Complete step-by-step solution:
Let the length of the sides of the equilateral triangular lamina ABC be$\;a$, and let the mass of the entire lamina be$\;m$. Assuming that the mass of the lamina is concentrated about its vertices, the distance of the axis of rotation from the massive vertices can be found.
Let the distance of the axis of rotation O to one of the vertices A be OA, as shown in the figure. Since $\Delta ABC$ is equilateral, we have $\angle CAB = 60\;^{\circ}$. The line drawn from O to A bisects this angle in such a way that $\angle OAD = 30\;^{\circ}$.
From right-angled $\Delta OAD$, we have:
$cos\;30\;^{\circ} = \dfrac{AD}{OA}$
$ \Rightarrow OA = \dfrac{AD}{cos\;30\;^{\circ}} = \dfrac{\left(\dfrac{a}{2}\right)}{\left(\dfrac{\sqrt{3}}{2}\right)} = \dfrac{a}{\sqrt{3}}$
Therefore, the moment of inertia $I_0$ of the lamina acting about its centre due to all 3 of its massive vertices, with an axis perpendicular to its plane can be given as:
$I_0 = \Sigma mr^2 = 3\times m(OA)^2 = 3 \times m \times \left(\dfrac{a}{\sqrt{3}}\right)^2 = 3 \times \dfrac{ma^2}{3} = ma^2 $

Now, we are given that a cavity DEF is cut from the lamina in such a way that the points D, E and F are the midpoints of sides AB, BC and AC respectively as shown. This divides the lamina into 4 equilateral triangles such that each equilateral triangle has a mass of:
 $m^{\prime} = \dfrac{m}{4}$
We now find the moment of inertia of $\Delta DEF$ about the same axis of rotation, as we did for the entire lamina. Let the distance of the axis of rotation from one of the vertices of DEF be OD.
From $\Delta AOD$ we have:
$sin\;30\;^{\circ} = \dfrac{OD}{OA}$
$\Rightarrow OD = sin\;30\;^{\circ} \times OA = \dfrac{1}{2} \times \dfrac{a}{\sqrt{3}} = \dfrac{a}{2\sqrt{3}}$
Therefore, the moment of inertia of the equilateral triangle DEF due to all 3 of its massive vertices will be:
$I^{\prime} = 3 \times m^{\prime}(OD)^{2} = 3 \times \dfrac{m}{4} \times \left(\dfrac{a}{2\sqrt{3}}\right)^2$
$\Rightarrow I^{\prime} = 3 \times \dfrac{m}{4} \times \dfrac{a^2}{12} = 3 \times\dfrac{1}{48} \times ma^2 = \dfrac{1}{16} \times ma^2$
But we know that $I_0 = ma^2$,
Therefore, $I^{\prime} = \dfrac{1}{16} \times I_0 = \dfrac{I_0}{16}$
Once this part is removed from the lamina, the moment of inertia of the remaining part of the lamina about the same axis will be:
$I = I_0 – I^{\prime} = I_0 - \dfrac{I_0}{16} = \dfrac{16I_0 -I_0}{16} = \dfrac{15I_0}{16}$
Therefore, the correct choice would be A. $\dfrac{15}{16}I_0$

Note: It is important to understand the distinction between mass and moment of inertia.

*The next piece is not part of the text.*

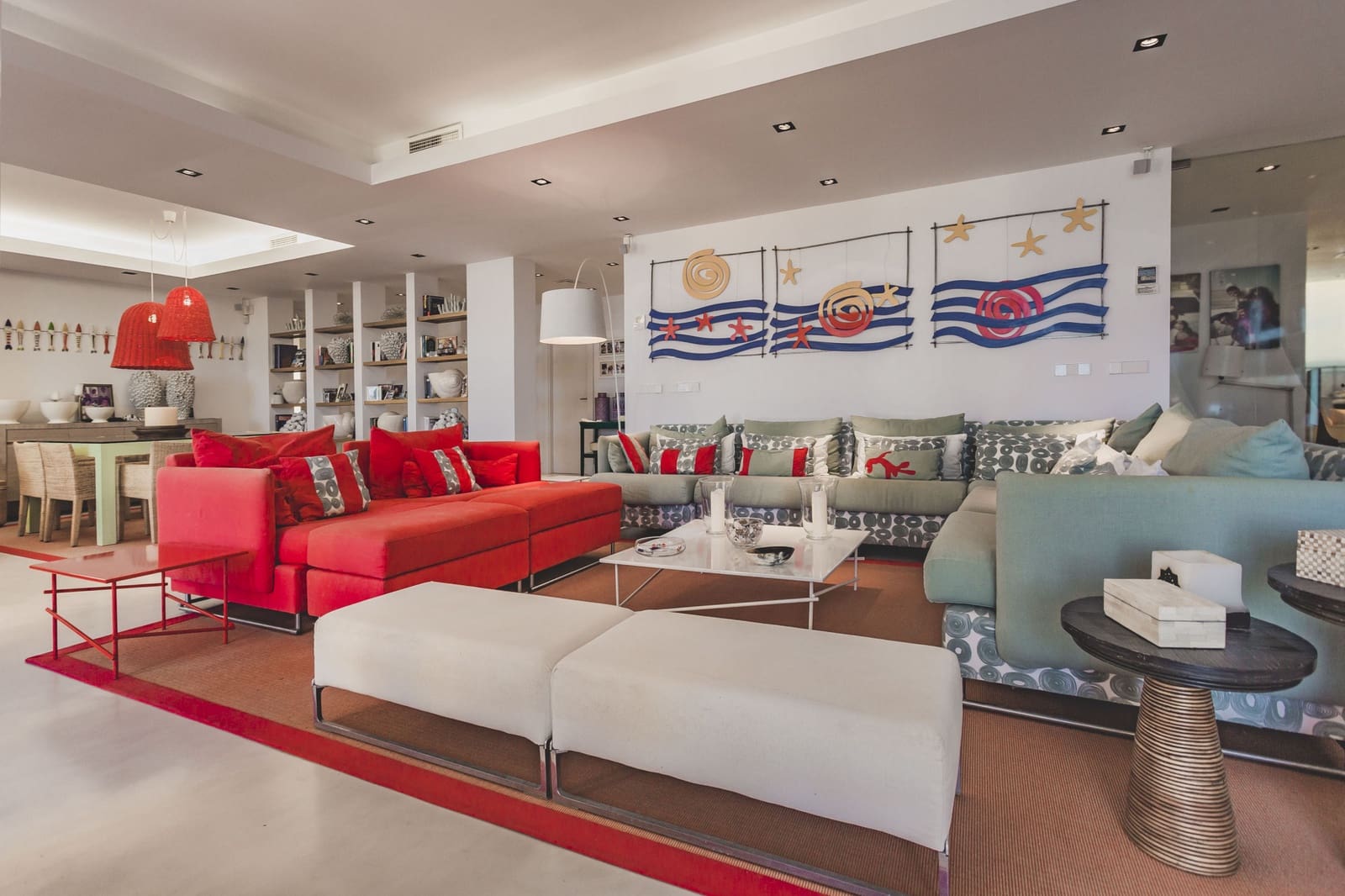 6 soveværelse Lejlighed til leje i Marbella med swimmingpool garage - € 9.500 (Ref: 9123800)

We know that in general, inertia is the object’s resistance against acceleration.
 In linear (translational) motion this is called mass [kg]. The larger the mass the tougher it is to push something to move it or slow it down.
In rotational cases, this is called the moment of inertia [kg $m^2$]. The larger the moment of inertia, the tougher it is to wing a wheel up to spin fast or slow it down. Quantitatively it is given as
$I = \Sigma mr^2$ where m is the mass of the rotating body with respect to the distance r of the mass from the axis of rotation.